The TSA has gone too far recently in inspections and practices and I'm citing three examples:
1) A Connecticut restaurant, Atlantic Seafood sold a woman 50 lb of live lobster to take to her home in Georgia. The restaurant did their usual swell job of carefully wrapping the animals with paper, added salt water to keep them wet and moist and carefully packed them for air-shipping as they've done many times. At the bottom of the ice chest was one 15 lb lobster she'd picked out, larger than all the rest. The package was clearly marked: "Fragile - Live Lobsters".
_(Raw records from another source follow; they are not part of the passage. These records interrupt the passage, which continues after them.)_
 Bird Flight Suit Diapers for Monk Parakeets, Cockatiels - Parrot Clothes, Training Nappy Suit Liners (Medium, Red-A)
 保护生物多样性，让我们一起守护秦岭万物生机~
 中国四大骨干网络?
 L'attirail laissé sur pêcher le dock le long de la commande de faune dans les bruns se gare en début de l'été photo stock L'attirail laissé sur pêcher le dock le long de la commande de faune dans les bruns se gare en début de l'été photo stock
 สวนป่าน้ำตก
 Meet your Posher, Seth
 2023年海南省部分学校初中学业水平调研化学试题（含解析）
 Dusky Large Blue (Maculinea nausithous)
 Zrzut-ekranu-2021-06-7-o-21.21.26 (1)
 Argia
The woman and the restaurant owner was outraged when a selfie of a TSA agent appeared, the agent holding the hugest crustacean by it's claws, which could have snapped off. Furthermore the agents did not carefully repack the lobsters, but threw them back in haphazardly the big one on top, crushing the smaller ones. See the photo here
2) A TSA Supervisor, who formerly worked at the San Francisco International Airport just pleaded guilty to taking bribes, as he looked at the ceiling while 50 lb packages of cocaine went through his x-ray machine. And this has been going on for years. Bobby Napier, the man who paid the bribes to the supervisor Joseph Scott - told the court that he'd been paying Scott for years to help smuggle both cocaine and marijuana. More about that here. How many other TSA agents could be part of a dope ring?
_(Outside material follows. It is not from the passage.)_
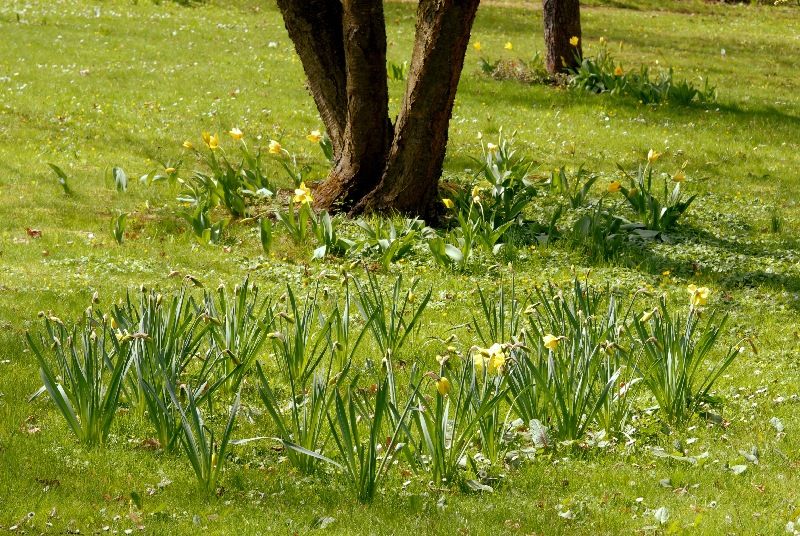 Zahradu založil mezi roky 1918 a 1933 JUDr. Vilém Luft jako svou soukromou okrasnou zahradu se dvěma okrasnými rybníky, množstvím exotických dřevin, altánem a sochařskou výzdobou. Po válce přešla zahrada do majetku města Plzně a od roku 1996 Správa veřejného statku města Plzně systematicky pracuje na jejím uvedení do původního stavu. Vlhký charakter pozemku dává vyniknout mokřadním a vlhkomilným společenstvím rostlin i živočichů (foto 22.4.2010).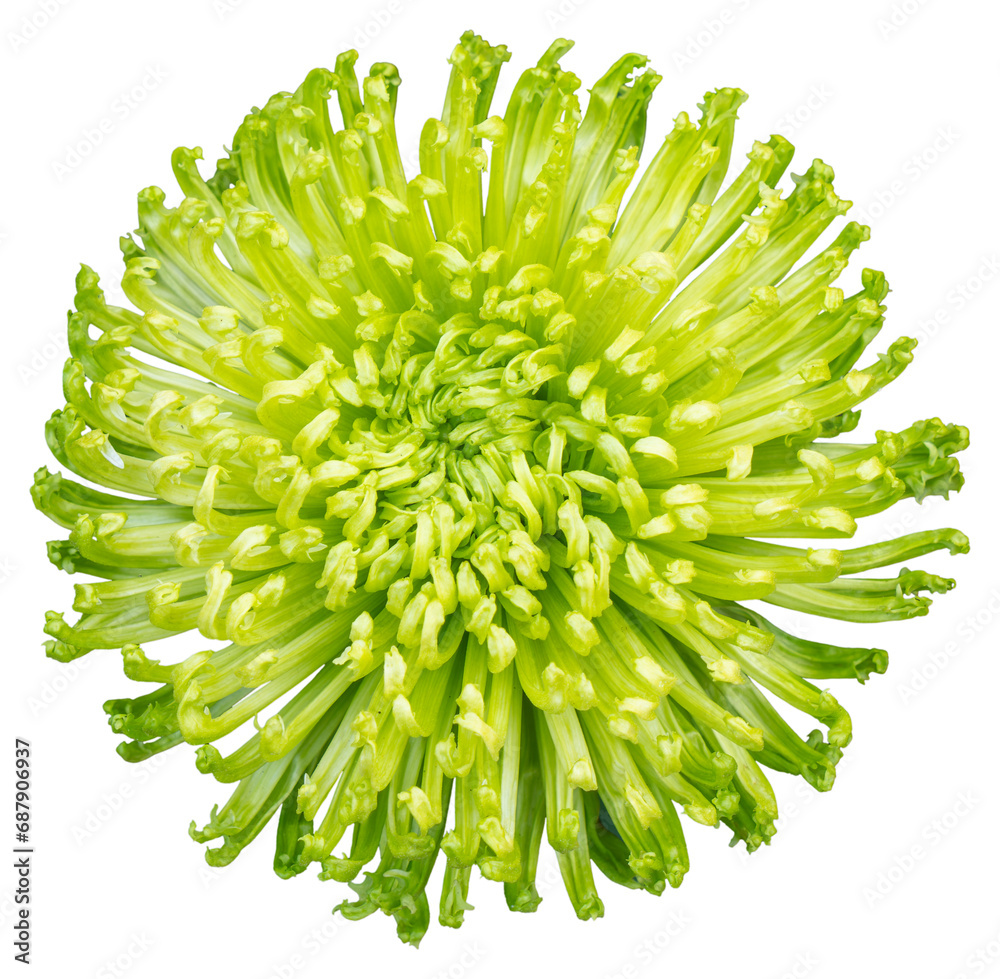 Fototapeta Top view of a green and white flower isolated on white background. Isolate a large flower with clipping path. Taipei Chrysanthemum Exhibition.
3) And finally, earlier this year on it's own accord with no direction from Congress or anybody else - the TSA began screening your books and magazines prior to boarding. Airports across the country were named, in particular Sacramento (the capitol of California) and Kansas City.
Privacy advocates sprang into action including the ACLU, (I agree with them). What we read is or can be very private, almost sacred to us. No one in America has a right to know what's in your mind or every potential thought you may have. According to the ACLU's Jay Stanley there is a long history in the US for 'special legal protection' of the privacy of one's reading habits. See Stanley's full remarks here.
The TSA has stated they have retracted the 'papers' program and claim to no longer be perusing your books at boarding, anywhere in the country.
Overall I think the TSA is a good and worthy idea, even though after all these years they've yet to catch a terrorist or find one bomb - they're a necessary evil in the times we live in, and will be until the time comes in this country where we don't have to be concerned about terrorism. It's better to err on the side of caution.
But on the other hand, there's the old saw: 'absolute power, corrupts absolutely', and the TSA needs to be overhauled from top to bottom and re-organized with common-sense rules and day-to-day practices.
Only then, will I think of flying commercial again.